В самый год смерти Щепкина – 1863 – родился К. С. Станиславский. Основывая вместе с Вл. И. Немировичем-Данченко в 1898 году Художественный театр, он взял себе девизом слова Щепкина: «Искусство настолько высоко, насколько близко к природе». Вся деятельность Художественного театра, произведшая переворот в русском и европейском театре, была утверждением и развитием тех основ неприкрашенной правды и мужественной простоты, которым всегда был верен Щепкин. В своих сочинениях об искусстве актера Станиславский развивает мысли Щепкина, выработанные им в течение без малого 60-летней своей актерской деятельности.
Щепкин нес в своих образах те же высокие идеи народного освобождения и высокой человечности, которыми пламенели Пушкин, Гоголь, Белинский, Герцен.
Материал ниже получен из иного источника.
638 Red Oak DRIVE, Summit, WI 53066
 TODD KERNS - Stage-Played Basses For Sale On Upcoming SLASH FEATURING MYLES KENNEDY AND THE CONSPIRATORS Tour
Он был поистине «школою гуманности».
Пример Щепкина всегда перед глазами советского актера: каждым шагом своей жизни, каждым своим словом Щепкин учит художника быть гражданином, быть верным сыном родной страны.
И когда великий артист умер, Герцен, написавший, что Щепкин и Мочалов, без сомнения, два лучших артиста среди артистов Европы, которых он когда-либо видел, продолжал: «Оба принадлежат к тем намекам на сокровенные силы и возможности русской натуры, которые делают незыблемой нашу веру в будущность России».
Это светлое будущее России не в состоянии омрачить никакие испытания и никакие покушения на него врагов русского народа.
Народу, который дал в искусстве Пушкина и Глинку, Гоголя и Щепкина и десятки, сотни других великих имен во всех областях культуры, – такому народу принадлежит широкий и свободный путь в истории.